(Given data)

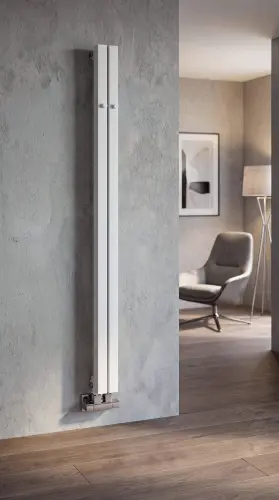 Grzejnik łazienkowy 90 x 1800 mm biały mat 301 W LETIZIA IR245W Sapho wizualizacja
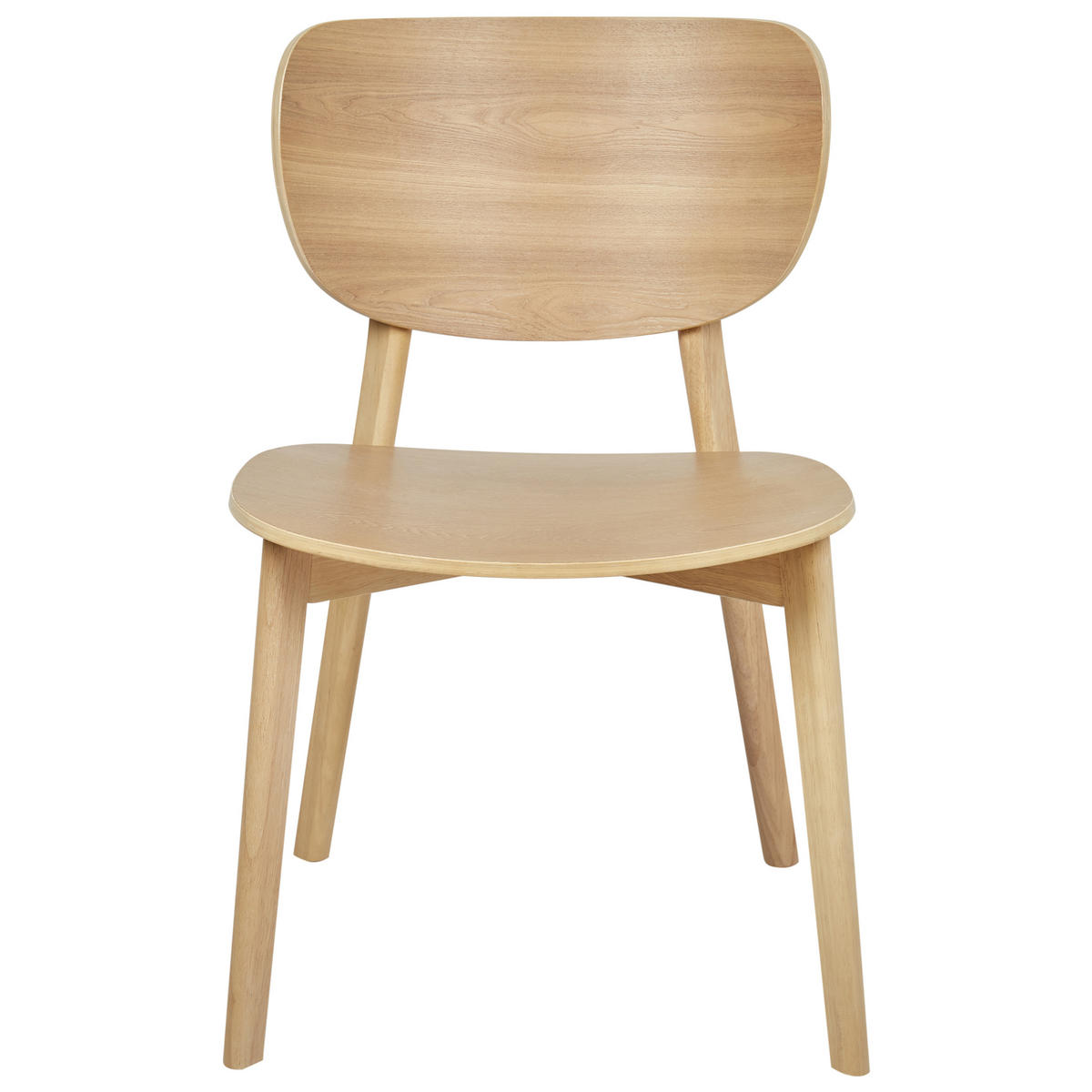 ESSZIMMERSTUHL 2er-Set Holz Hellbraun Overly - Hellbraun, Holz (49/80/47cm) - Beliani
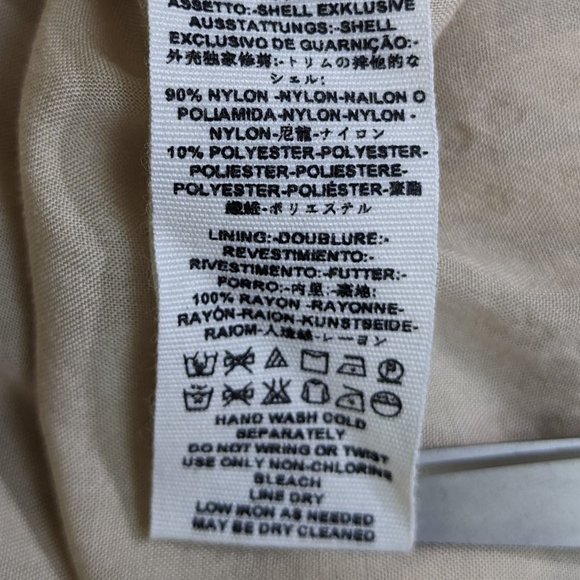 Free People Ivory Beige Deco Lace Cutout Eyelash Hem Bell Sleeve Mini Dress - 8* - Picture 13 of 15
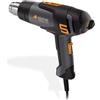 Steinel Pistola termica HM 2120 E, 2200 W, pistola ad aria calda 80°-650°C, asciugacapelli con protezione termica, riscaldamento in ceramica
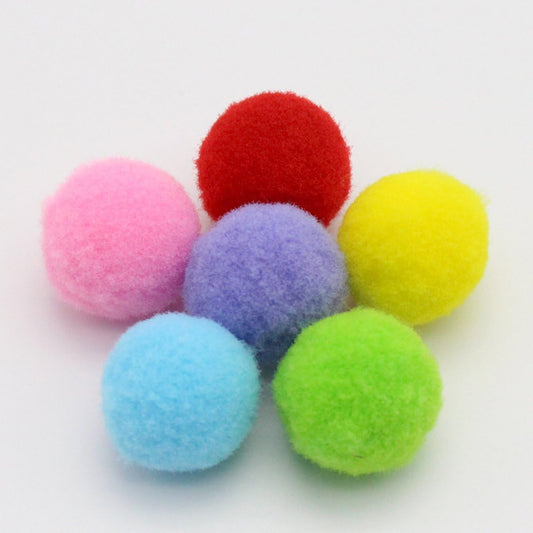 160PCS 3.5CM Cat Toys Assorted Soft Toy Balls Pompon Balls for Cat Kitten Toys(Mix Color)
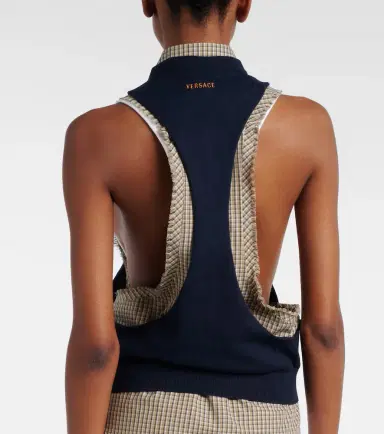 Versace Knitted cotton top | Thumbnail 4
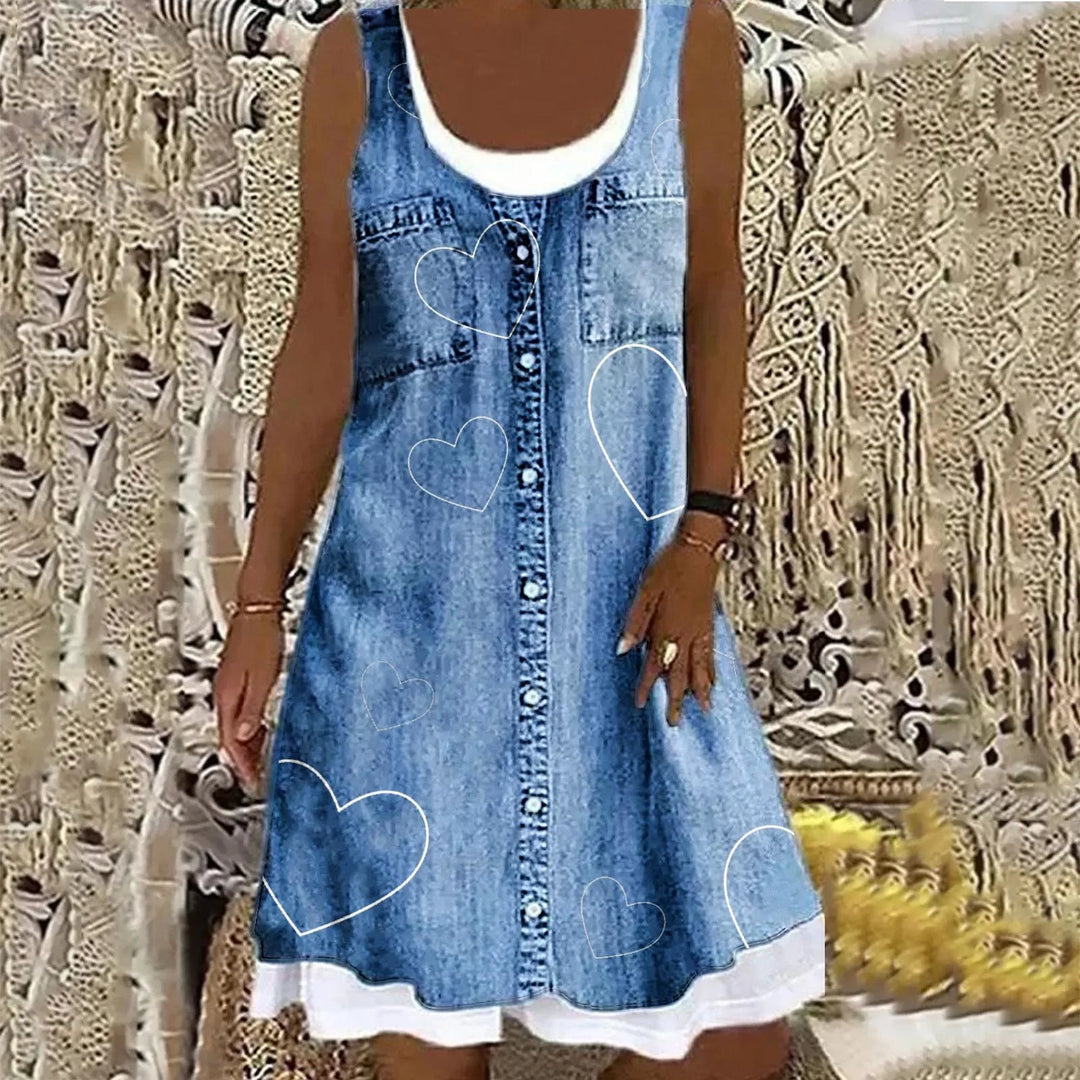 Natasza - Soft And Elegant Denim Dress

(End Given data)

Produce an exact copy of the lines from the line containing "ESSZIMMERSTUHL 2er-Set Holz" through the last line of the records, with no pictures and no other text.

-- Task response --
 ESSZIMMERSTUHL 2er-Set Holz Hellbraun Overly - Hellbraun, Holz (49/80/47cm) - Beliani
 Free People Ivory Beige Deco Lace Cutout Eyelash Hem Bell Sleeve Mini Dress - 8* - Picture 13 of 15
 Steinel Pistola termica HM 2120 E, 2200 W, pistola ad aria calda 80°-650°C, asciugacapelli con protezione termica, riscaldamento in ceramica
 160PCS 3.5CM Cat Toys Assorted Soft Toy Balls Pompon Balls for Cat Kitten Toys(Mix Color)
 Versace Knitted cotton top | Thumbnail 4
 Natasza - Soft And Elegant Denim Dress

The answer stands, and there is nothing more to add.